Collected data entries:

-*-*-

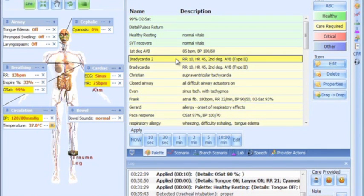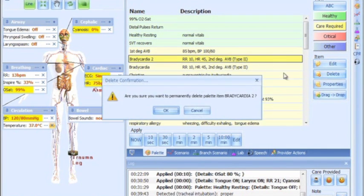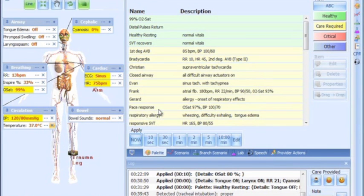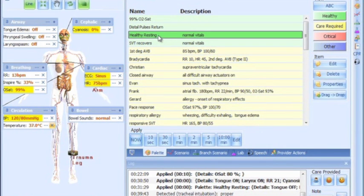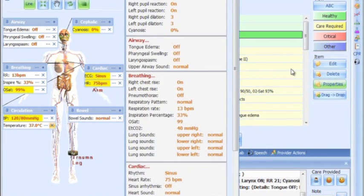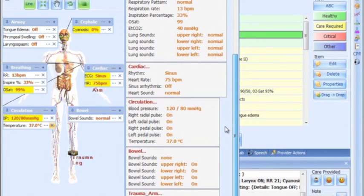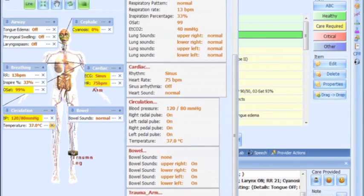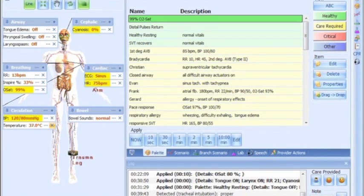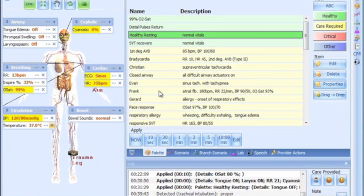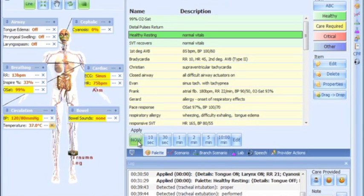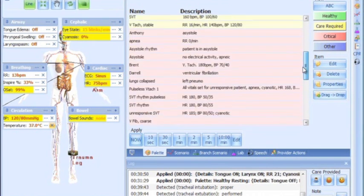They can also be deleted permanently or checked for properties with a simple touch of the stylus. As with the details, the palette items can be applied or saved to a scenario from the Scenario tabs.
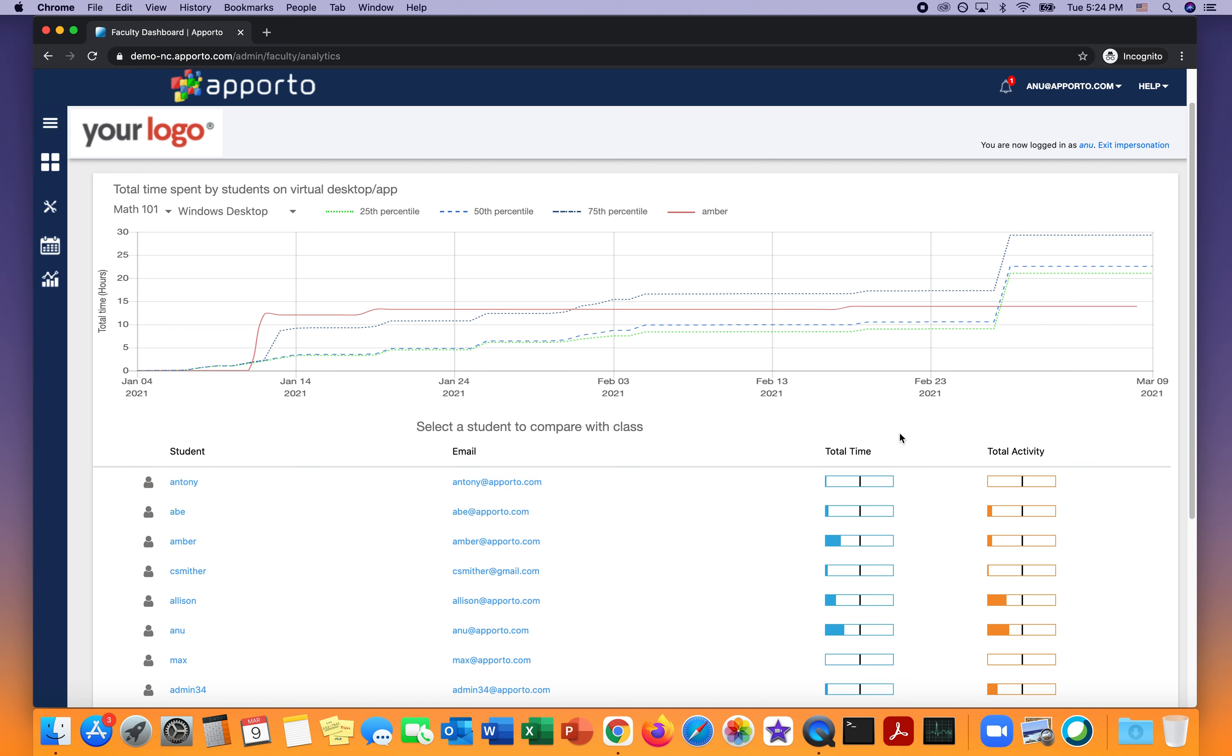So hopefully this provides just a couple of data points that may be useful in letting you know how much time and activity your students have spent in Apporto, and whether or not somebody may need assistance.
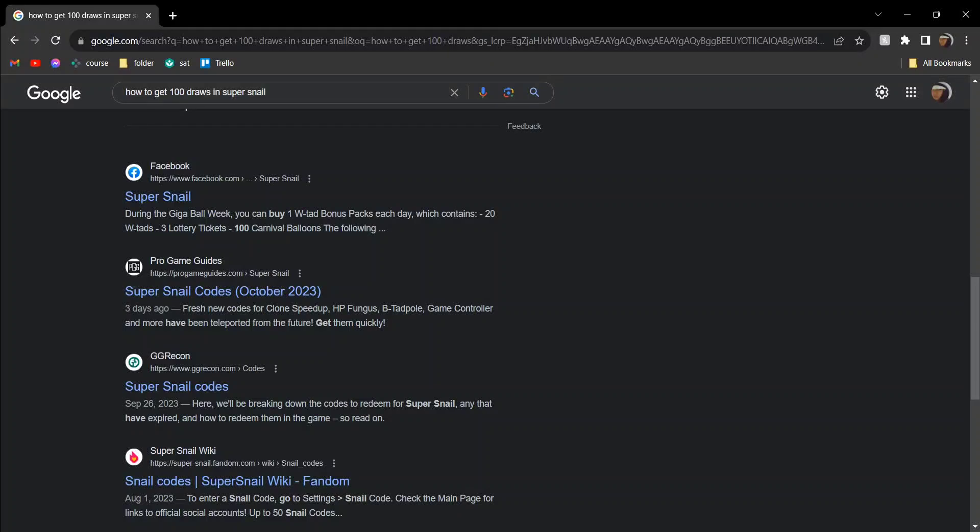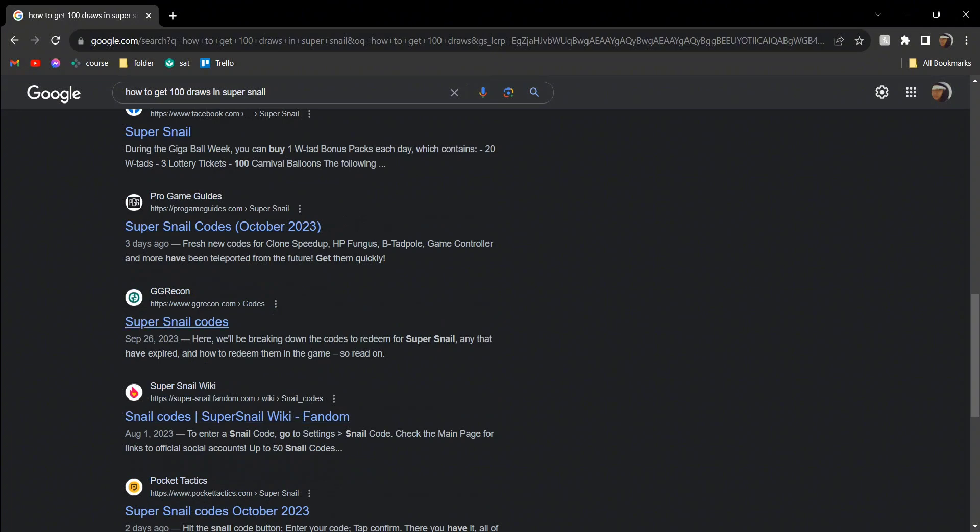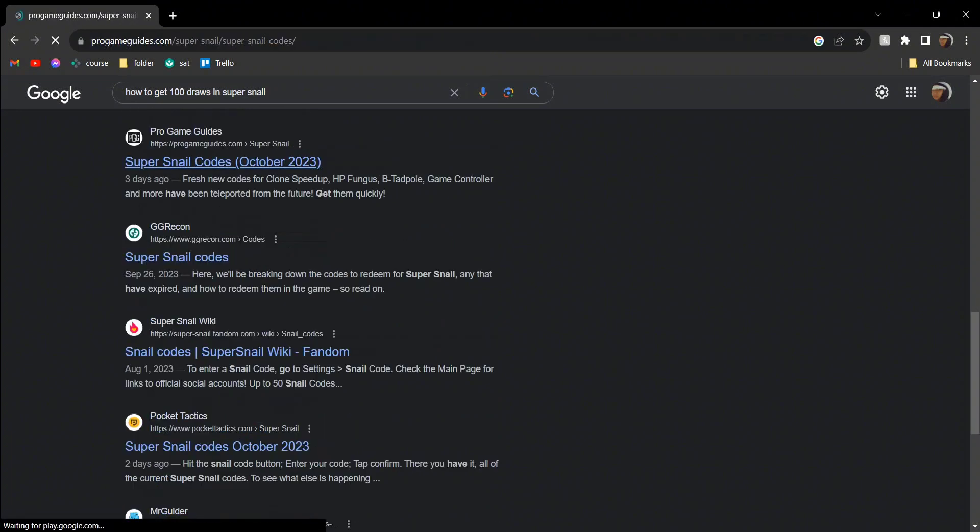Hey guys, today I'm going to tell you how to get 100 draws in Super Snail. So you can search for it on Google, you can see plenty of these will come up, so let's say we go into this one.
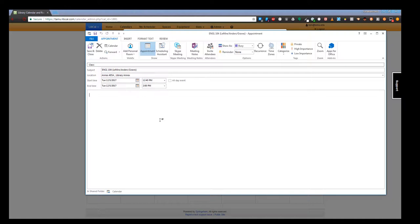At this point you can invite additional attendees like co-instructors, add notes to yourself, whatever you want to do for your Outlook calendar, and then just hit save and close like any typical Outlook.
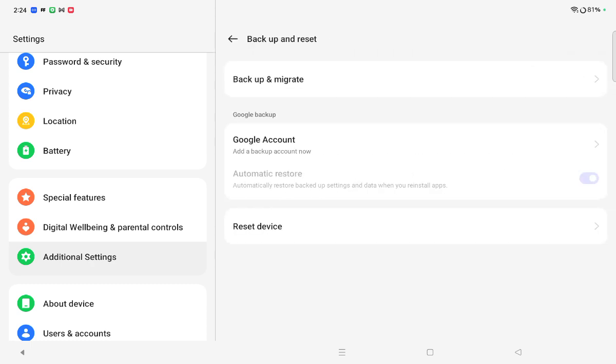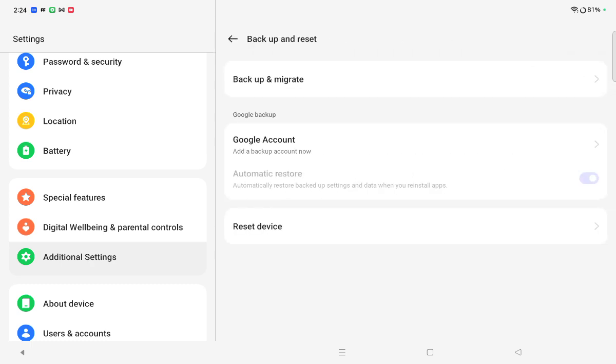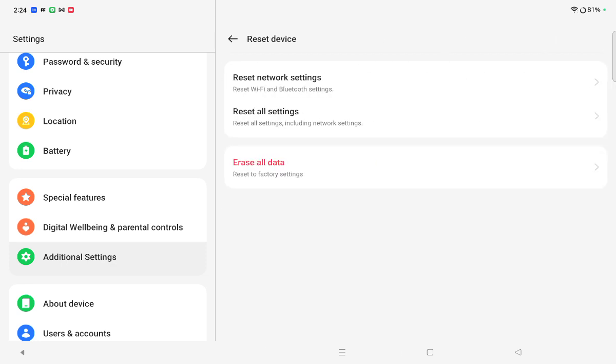After that, you can see Reset Device and Backup and Migrate, but you have to click on the last option, Reset Device. When you tap on Reset Device, under this Reset Device section...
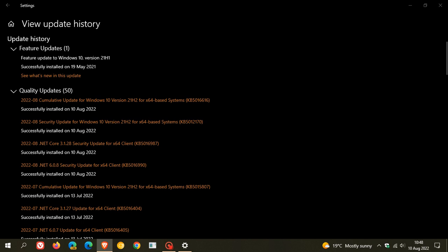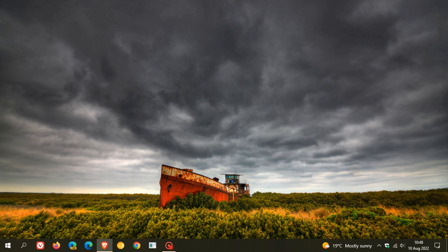Now if you installed earlier updates, only the new updates contained in this cumulative update KB5016616 will be downloaded and installed on your device. And if you didn't install the optional update that rolled out near the end of last month July, which was KB5015878 for Windows 10...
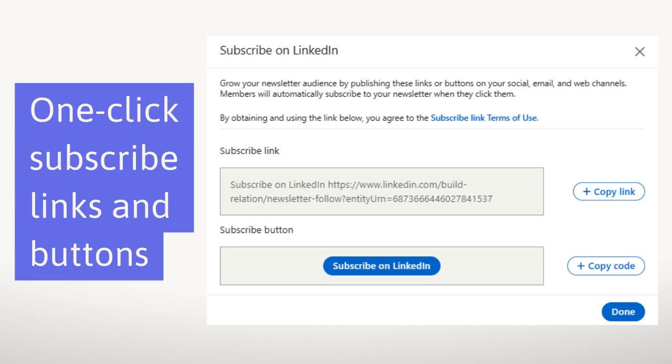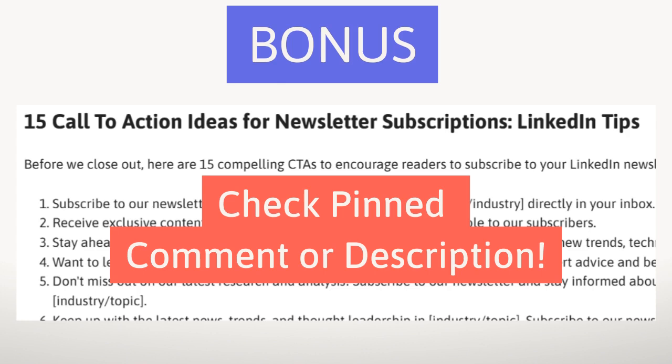This also means that people can subscribe to your newsletter without even being on the LinkedIn platform. You can embed the button or use the links on your social profiles, emails, and anywhere on your website that you want to add a CTA. If you're looking for inspiration on different ideas to make your CTAs more compelling, look at the show notes — in the corresponding article for this episode I've created a list of 15 CTA ideas for your LinkedIn newsletter subscribe button.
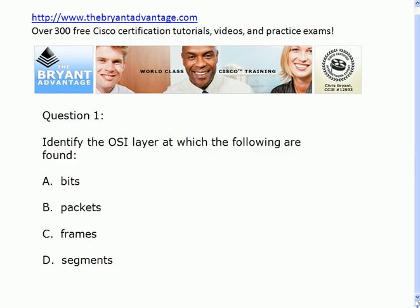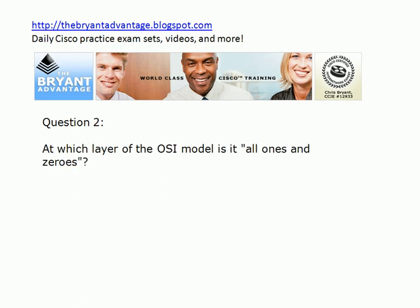Let's hop back and check out the answers. At question one, you'll find bits at the physical layer of the OSI model — that's layer one. Packets you're going to find at the network layer, layer three. Frames you'll find at layer two, the data link layer, and segments are found at the transport layer, which is layer four. At which layer is it all ones and zeros? That's where we find the bits — the physical layer of the OSI model.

-*-*-

Work to be completed:
Please print the lines above word for word, starting at the one with "After that, you" and ending at the one with "This also means", both included, and without any picture.

Reply to the exercise:
After that, you can see Reset Device and Backup and Migrate, but you have to click on the last option, Reset Device. When you tap on Reset Device, under this Reset Device section...
Now if you installed earlier updates, only the new updates contained in this cumulative update KB5016616 will be downloaded and installed on your device. And if you didn't install the optional update that rolled out near the end of last month July, which was KB5015878 for Windows 10...
This also means that people can subscribe to your newsletter without even being on the LinkedIn platform. You can embed the button or use the links on your social profiles, emails, and anywhere on your website that you want to add a CTA. If you're looking for inspiration on different ideas to make your CTAs more compelling, look at the show notes — in the corresponding article for this episode I've created a list of 15 CTA ideas for your LinkedIn newsletter subscribe button.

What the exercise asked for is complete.